Seal Krete Original is one I like. Loxon masonry conditioner is another. Regular primer isn’t much help over chalk. 


Sent from my iPhone using Tapatalk


----------



## detailssls (May 23, 2018)

I should have said previously painted fiber cement. Does that make a difference with the type of primer? The chalk is coming right off with power washing.


----------



## Jmayspaint (Mar 26, 2013)

detailssls said:


> I should have said previously painted fiber cement. Does that make a difference with the type of primer? The chalk is coming right off with power washing.




No, doesn’t matter. Either of those are fine for previously painted. 
If you can get %100 of the chalk off, it’s not necessary to prime. Often that’s not possible though. After you’ve washed the house and it’s dry, rub your hand across it again. Any hint of chalk is going to cause bonding issues unless you stabilize it. 


Sent from my iPhone using Tapatalk


----------



## Mr Smith (Mar 11, 2016)

Add some Flood EB Emulsa Bond to the Aura paint for the first coat.

https://www.flood.com/products/paint-additives/e-b-emulsa-bond


----------



## Jmayspaint (Mar 26, 2013)

Mr Smith said:


> Add some Flood EB Emulsa Bond to the Aura paint for the first coat.
> 
> https://www.flood.com/products/paint-additives/e-b-emulsa-bond




Yeah, you could do that too. I would ask a BM rep about it first though. EB has been around a long time and has a great reputation for working well. Adding it to the first coat promotes bonding over slightly chalky surfaces. 

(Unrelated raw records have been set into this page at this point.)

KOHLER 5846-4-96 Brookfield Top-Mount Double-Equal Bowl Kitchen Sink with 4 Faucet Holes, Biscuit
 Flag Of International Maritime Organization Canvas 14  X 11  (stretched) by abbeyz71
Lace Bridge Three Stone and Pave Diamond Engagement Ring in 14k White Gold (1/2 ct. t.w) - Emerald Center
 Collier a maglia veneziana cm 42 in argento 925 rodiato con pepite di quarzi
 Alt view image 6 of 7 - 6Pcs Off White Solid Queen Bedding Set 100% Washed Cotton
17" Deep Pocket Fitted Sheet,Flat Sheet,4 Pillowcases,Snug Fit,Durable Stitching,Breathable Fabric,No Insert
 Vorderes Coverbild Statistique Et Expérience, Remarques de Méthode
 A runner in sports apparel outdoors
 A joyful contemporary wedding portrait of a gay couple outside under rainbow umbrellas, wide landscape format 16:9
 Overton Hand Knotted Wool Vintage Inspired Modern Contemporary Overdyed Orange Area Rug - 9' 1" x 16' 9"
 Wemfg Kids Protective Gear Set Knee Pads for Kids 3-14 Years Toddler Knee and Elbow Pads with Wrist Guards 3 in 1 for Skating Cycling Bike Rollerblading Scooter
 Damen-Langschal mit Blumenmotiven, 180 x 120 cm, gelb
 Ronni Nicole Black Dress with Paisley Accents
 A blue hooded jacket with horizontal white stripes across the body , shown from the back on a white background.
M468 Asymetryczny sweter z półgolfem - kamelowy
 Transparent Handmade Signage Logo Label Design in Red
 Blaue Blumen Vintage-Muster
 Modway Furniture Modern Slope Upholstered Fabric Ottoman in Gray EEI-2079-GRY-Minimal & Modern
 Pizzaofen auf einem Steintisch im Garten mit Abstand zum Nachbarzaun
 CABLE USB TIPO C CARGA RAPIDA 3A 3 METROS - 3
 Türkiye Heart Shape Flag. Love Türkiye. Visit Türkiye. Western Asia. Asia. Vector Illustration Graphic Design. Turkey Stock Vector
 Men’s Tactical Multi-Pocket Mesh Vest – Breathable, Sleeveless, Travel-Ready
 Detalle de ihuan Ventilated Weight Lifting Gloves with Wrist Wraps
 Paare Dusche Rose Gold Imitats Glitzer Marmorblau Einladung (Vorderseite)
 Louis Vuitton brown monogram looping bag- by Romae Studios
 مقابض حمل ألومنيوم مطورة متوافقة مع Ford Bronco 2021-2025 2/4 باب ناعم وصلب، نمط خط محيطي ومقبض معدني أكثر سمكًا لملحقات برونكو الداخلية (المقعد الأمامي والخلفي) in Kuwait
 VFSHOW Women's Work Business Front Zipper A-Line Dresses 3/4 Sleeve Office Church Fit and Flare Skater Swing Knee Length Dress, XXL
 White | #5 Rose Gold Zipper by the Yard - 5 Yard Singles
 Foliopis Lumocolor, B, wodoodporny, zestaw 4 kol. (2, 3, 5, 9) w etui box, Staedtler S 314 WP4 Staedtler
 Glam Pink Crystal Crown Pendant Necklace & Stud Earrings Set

The reason I would ask a rep is to make sure it’s Gennex compatible. Floetrol, another Flood additive that’s been around forever doesn’t work well with Gennex. Gennex is quite a bit different than traditional colorant systems. I wouldn’t assume compatibility without checking first. 


Sent from my iPhone using Tapatalk


----------



## detailssls (May 23, 2018)

That's great information. Thank you. I had no idea that Floetrol wasn't BM compatible.
May I ask what your favorite solid stain is?


----------



## detailssls (May 23, 2018)

So, my BM guy said that Floetrol is compatible with BM it's just that they want to sell their own extender. However, thank you guys so much for the information. I"ve been painting professionally for five years with the same contractor. I've learned a lot and I'm a knowledge hound. I just joined PT, because I got my first own exterior job. Huge. 60ft articulating lift. Deep pocketed clients (not that I would ever take advantage.), but it allows me at least 10 gallons of troubleshooter oil, 12 gallons of aura and 10 gallons of Loxon, and whatever solid stain I go with. I asked about your favorite exterior stain, because I painted the exterior of a BM executive a couple of years ago, and even HE said Arborcoat was crap and wouldn't use it on his own house! But it's a BM color that I need, so I may go with it anyway.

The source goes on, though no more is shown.